09 June 2026

Full time or part time?


So what's the best way to study? Full-time or part-time?

As is so often the case, the answer is "it depends..."

With most universities there's either a single option or a binary choice. One option is to study full-time, taking modules equivalent to 120 credits in a single academic year with most Bachelor's degrees taking three years. The other option, if available, is to study at half this speed, taking modules equivalent to 60 credits in a single year, with most part-time degrees taking six years.

(There is some variation from this. Most notably Birkbeck, University of London, has a part-time model of 90 credits a year, so part-time degrees there take only four years.)

But the Open University is even more flexible than this. Students are able to study at whatever rate they like and even interrupt their studies, subject to an absolute time limit of normally sixteen years to complete a standard Bachelor's degree. Law is a more complicated case because there are tighter time limits for completion if the degree is to be used to qualify as a legal professional. There are also shorter limits when degrees are due to be withdrawn and a student has to complete whilst the modules are still available or find a way to transfer their credit onto another programme.

So one can study 120, 90, 60 or even just 30 credits in a single year, as well as taking years out if other factors intervene.

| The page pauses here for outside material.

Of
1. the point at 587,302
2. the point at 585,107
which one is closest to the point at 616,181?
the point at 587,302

It's a very flexible structure that puts the student first.

(Things are a bit more complicated at the postgraduate level. A Master's degree consists of 180 credits and in a full-time university programme it is taken over a whole calendar twelve months, including the summer holidays. But at the OU it is very difficult to take a whole Master's in a single year and sometimes difficult to take it in even two years, not least because many modules can only be started after a previous module has been completed and they each run year long. The new Master of Laws (LLM) degree is currently only available over three years. It is expected that in later years it will be possible to take the first two 60 credit modules simultaneously; however both will still have to be completed before doing the dissertation module in the following year.)

But despite the flexibility, on the Law Bachelor's degrees the most common patterns amongst the students I'm in contact with are either full-time (120 credits a year) or traditional part-time (60 credits a year) though there are exceptions. Full-time can be intense but if you have the actual hours available, the time management skills and the dedication that are all needed for an OU degree then it's perfectly possible to study full-time. In general the modules last half the year so it's only in an awkward six-week overlap period that the workload truly piles up and staff on modules that start around February are perfectly aware and understanding that students are wrapping up their outgoing course. Things are slightly different on Level 1 where the Law modules are 60 credits each and have a longer overlap period but with only two many have successfully balanced them in a single year.

Of course not everyone has the time to take so many modules all at once and that's perfectly fine. And one can vary the rate, especially when you move up between levels so you're not locked into a particular pace for good.

Related to this, legally all Open University students are classified as part-time regardless of how many credits or hours a student does (or is supposed to do). However, there is a limit on overall fees in a year that full-time students can hit (at least in England, the different fee structures across the UK are a regular source of confusion). So there are some financial benefits from going full-time but not all compared to attending a "bricks and mortar" university (though equally accommodation and/or transport costs are fewer).

So ultimately the choice is down to the individual student.